= Host sanction theory =

Ecological theory regarding mutualisms

The host sanction (HS) theory aims to understand how cooperation evolves and is maintained in a mutualistic relationship between organisms. The host sanction model theorizes that the host organism of a mutualism is able to decrease the fitness of the other organism to prevent cheating.

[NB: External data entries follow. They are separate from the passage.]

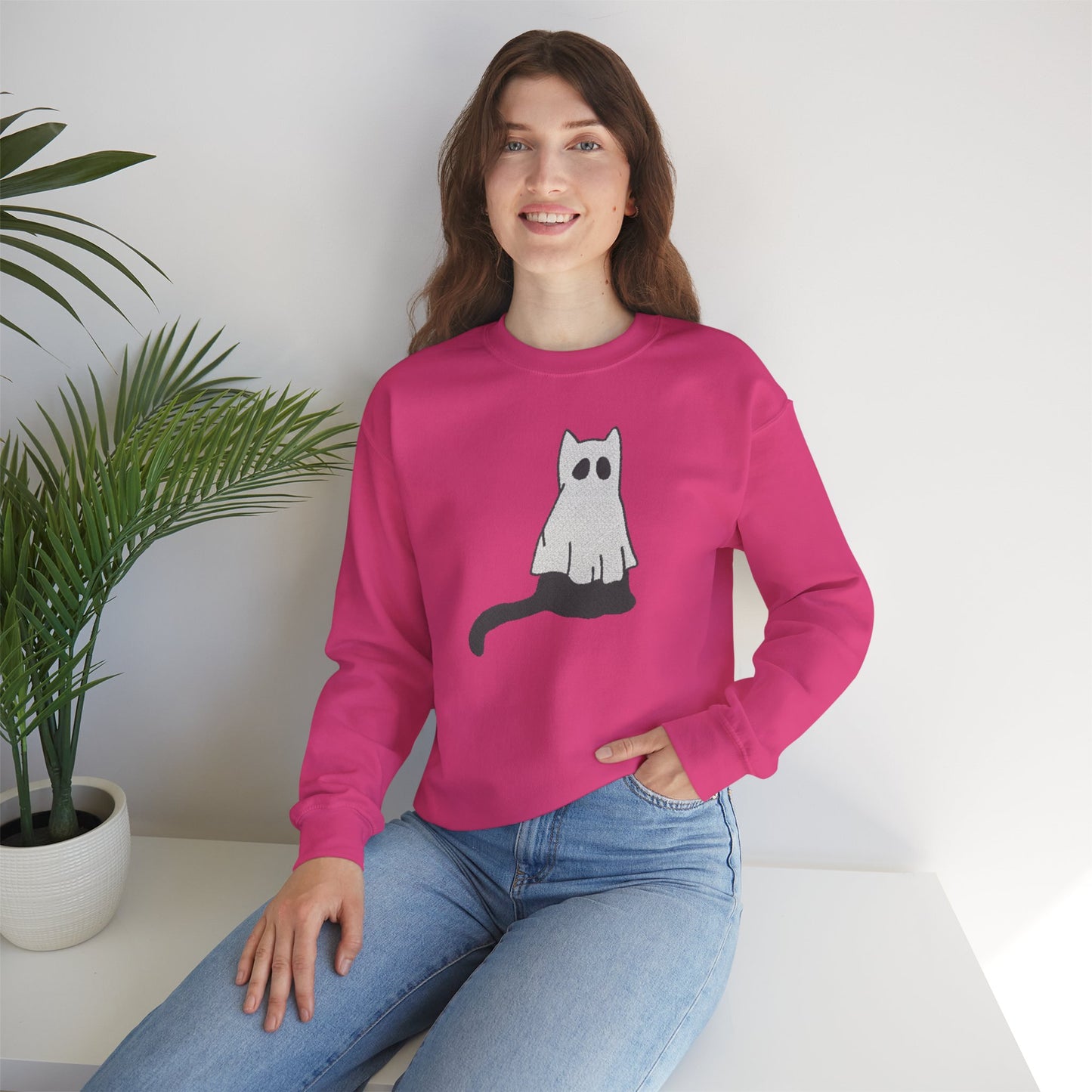 Boo Kitty Crew Halloween Halloween Crewneck, Halloween Party Crewneck | Fall Festival, Witch Lovers, Gift Idea, Spooky Season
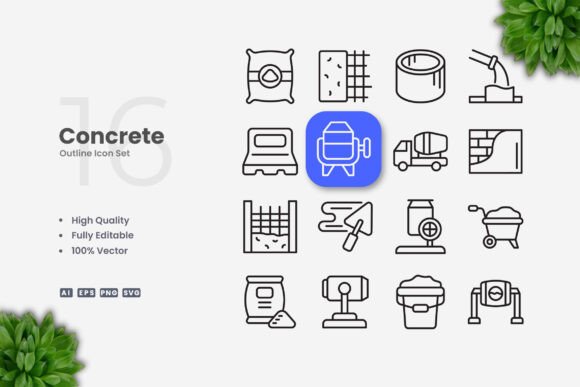 Concrete Icons for Modern Digital Design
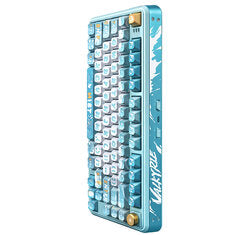 VALKYRE VK75 Tri-mode Mechanical Gaming Keyboard 80-Keys Gasket Structure RGB Lighting JSA Profile 8000mAh 2.4G/bluetooth/Wired Gamer Keyboards for PC Laptop Computer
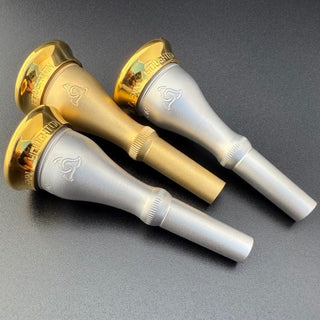 Houghton Horns Model H2 10th Anniversary Gold H - Kote - French Horn Two - Piece Mouthpiece Rim - Houghton Horns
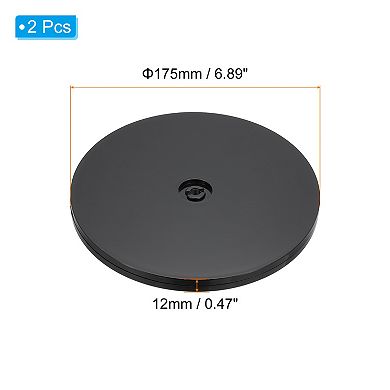 7 Inch Heavy Rotating Swivel Stand, 2Pcs Lazy Susan Turntable with Steel Ball Bearings
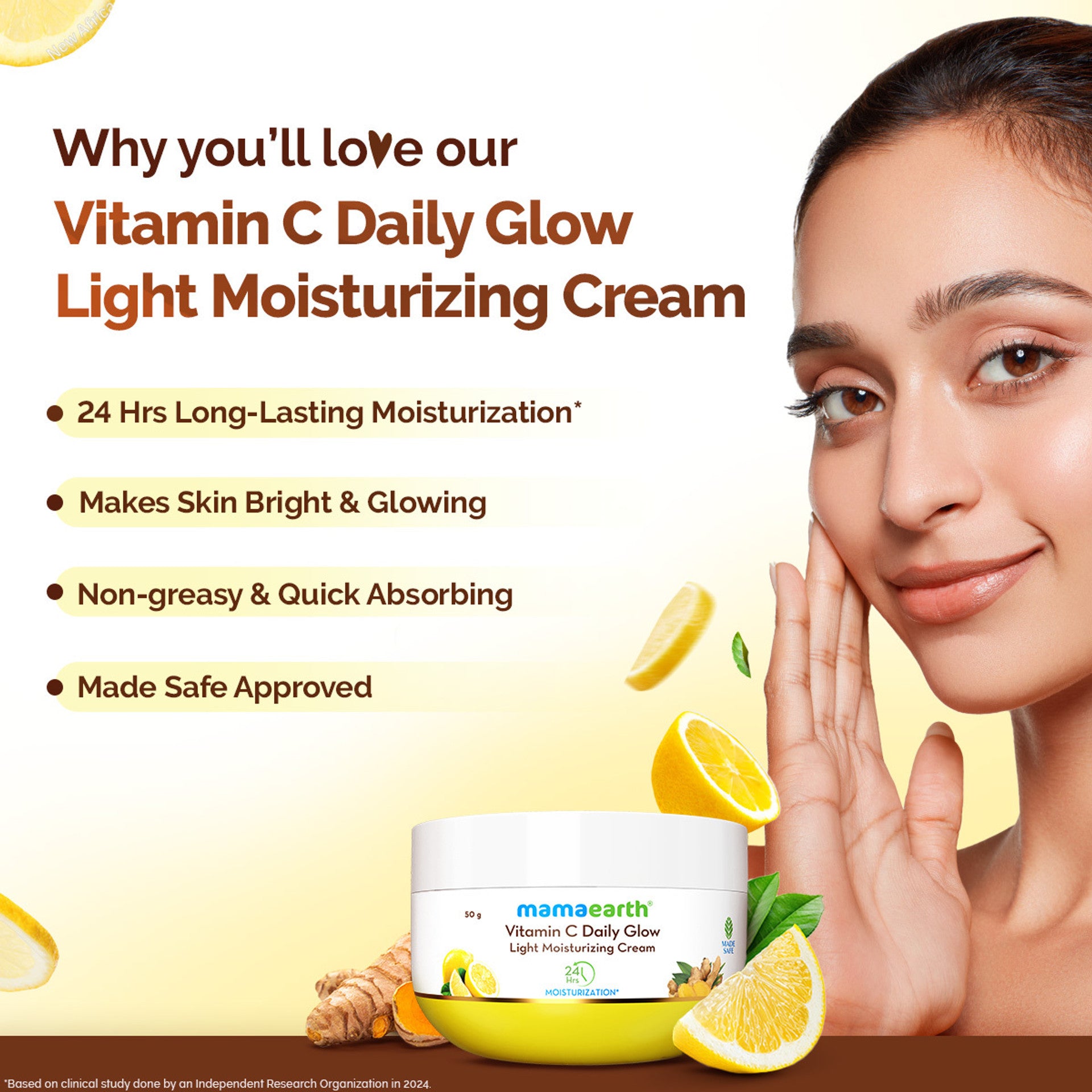 Mamaearth Vita C Daily Glow Moisturizing Cream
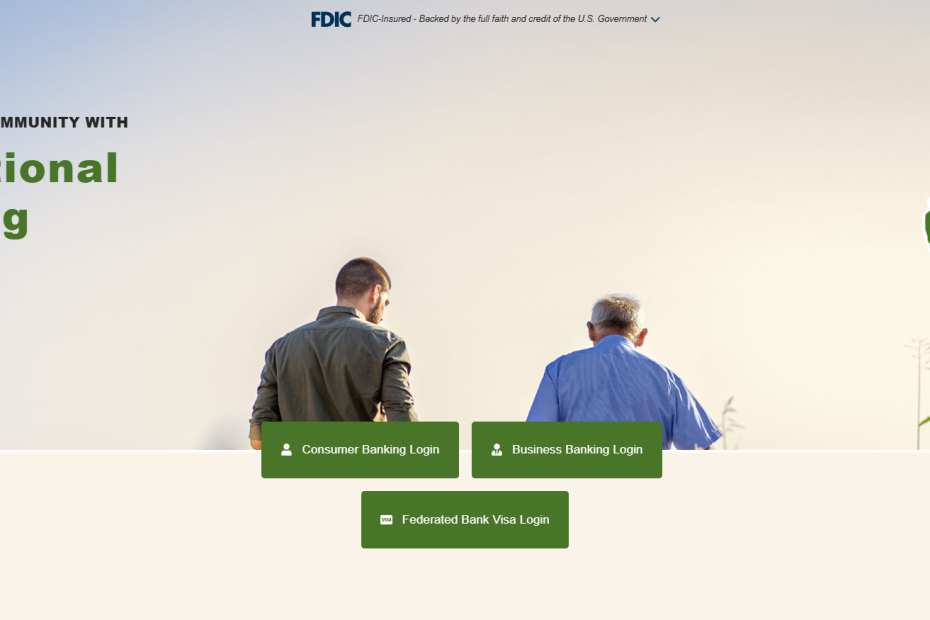 Federated Bank Screenshot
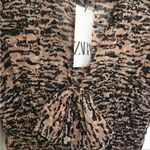 ZARA 🔵 SALE 3/$25  CROPPED ANIMAL PRINT VNECK TOP XS Photo 6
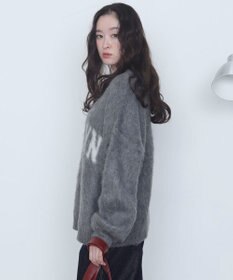 WEGO モヘアタッチBROOKLYNロゴニット
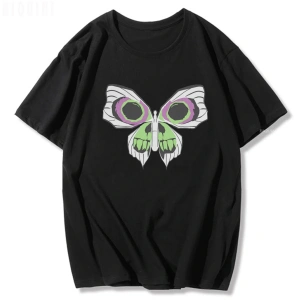 Siyah Jinx Arcane Maymun Anime Cosplay Tees Unisex Grunge Estetik %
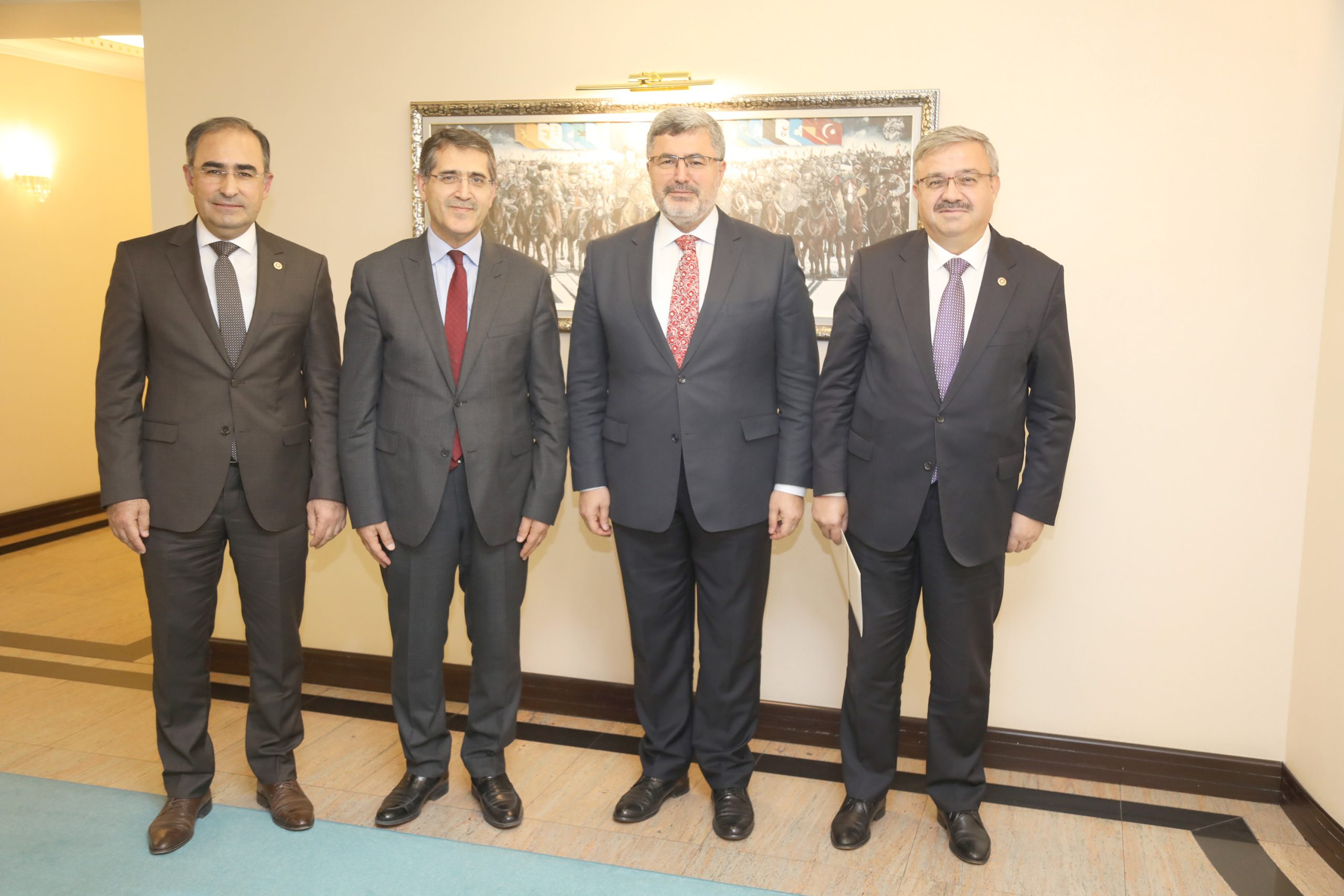AK Parti Afyonkarahisar Milletvekilleri Ali Özkaya, İbrahim Yurdunuseven ve Hasan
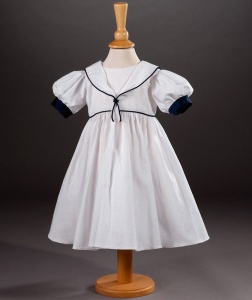 Baby Girls Linen Look Cotton Sailor Dress - Tanya by Millie Grace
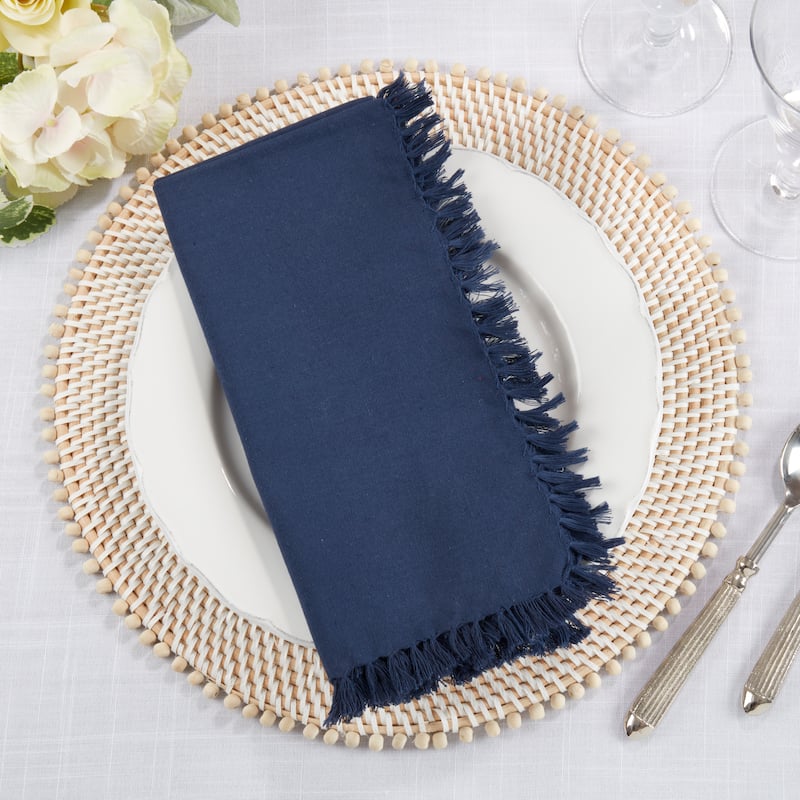 Fringed Design Napkins (set of 4)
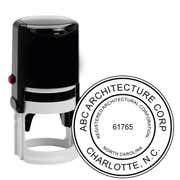 State of North Carolina Architectural Corporation Seal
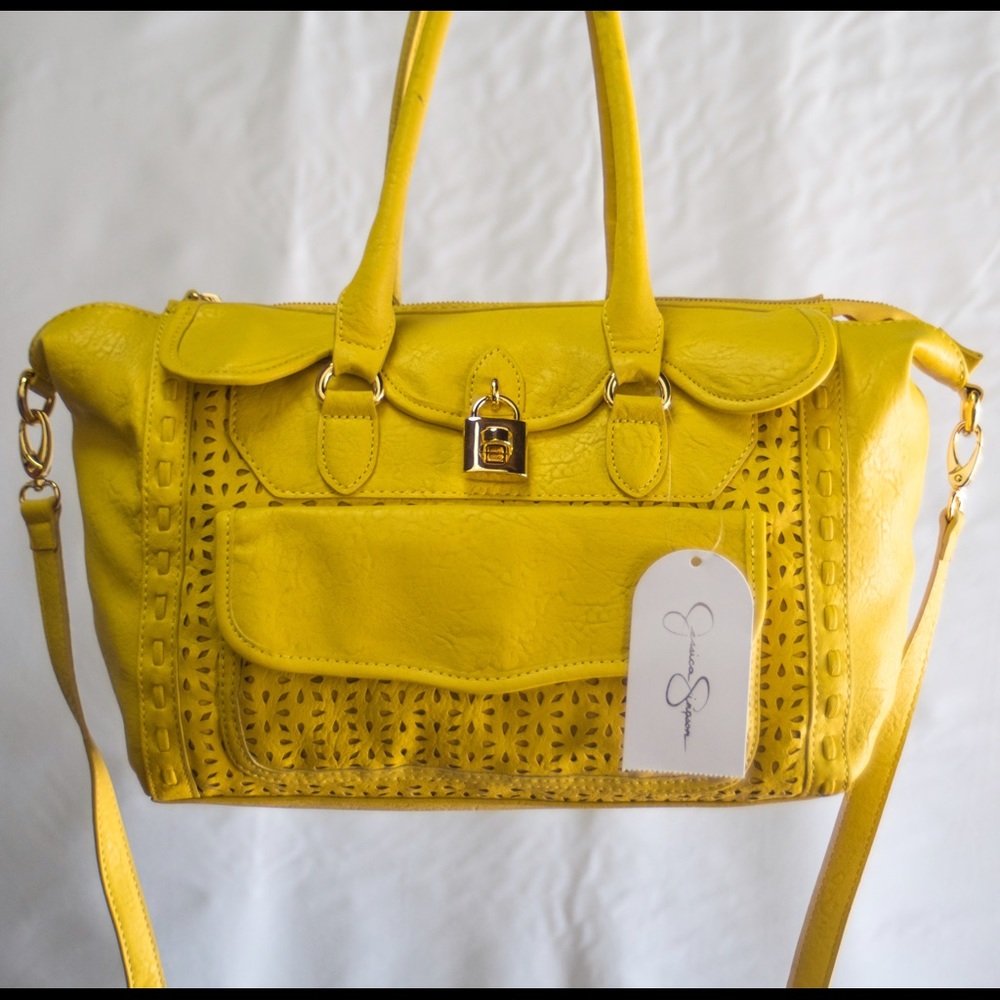 Yellow Jessica Simpson "Madison" Satchel JS5521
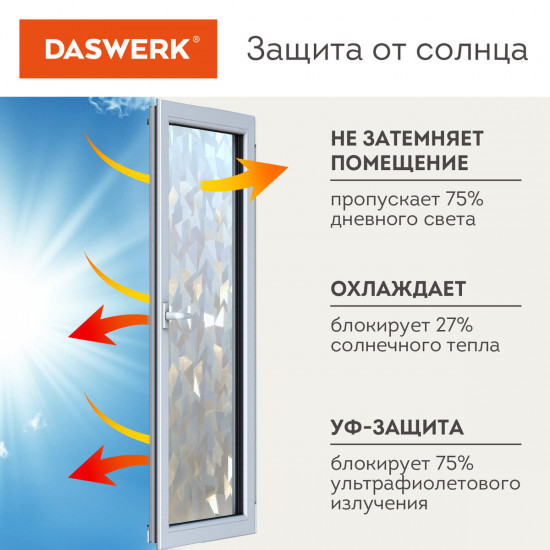 Пленка на окно самоклеящаяся «Льдины»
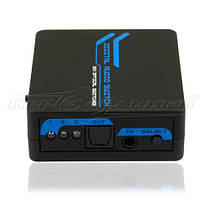 SPDIF/Toslink цифровой оптический аудио switch 3х1 с пультом, фото 3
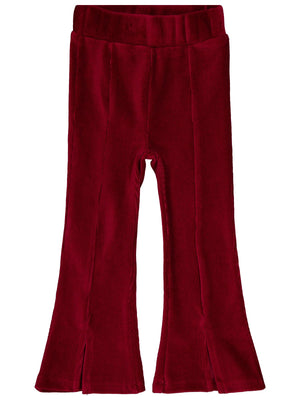 Civil Girls Yırtmaçlı 2-5 Yaş Tayt - Bordo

The basis of the host sanction (HS) theory was first introduced by J.J. Bull and W.R. Rice in 1991 as the partner-choice model. The partner-choice model was proposed as a mechanism in which one organism is capable of rewarding or punishing the other organism based on its cooperation. Bull and Rice hypothesized the partner-choice model is evident in both fig tree-fig wasp and yucca-yucca moth (Parategeticula or Tegeticula) mutualisms. Further studies conclude these mutualisms align with the host sanction (HS) model given they both involve a host organism implementing sanctions on their symbiotic partners. The fig tree-fig wasp mutualism was observed by Axelrod and Hamilton in 1981. In this mutualism, the fig tree receives pollination from the fig wasps, and the fig wasps oviposit eggs into figs. This relationship represents a host sanction mechanism due to the fig tree's ability to prevent the fig wasp from ovipositing too many eggs by selectively aborting figs with too many wasp eggs. The yucca -yucca moth mutualism is similar; the oviposition of yucca moth eggs allows yucca pollination. The yucca plant is capable of enforcing sanctions on the moths by withholding nectar to prevent cheating. In both these situations, the yucca plant and fig tree are hosts to the insects and they administer sanctions to the insects. Host sanctions are commonly accepted as a mechanism that allows mutualisms to exist through evolving cooperation between organisms.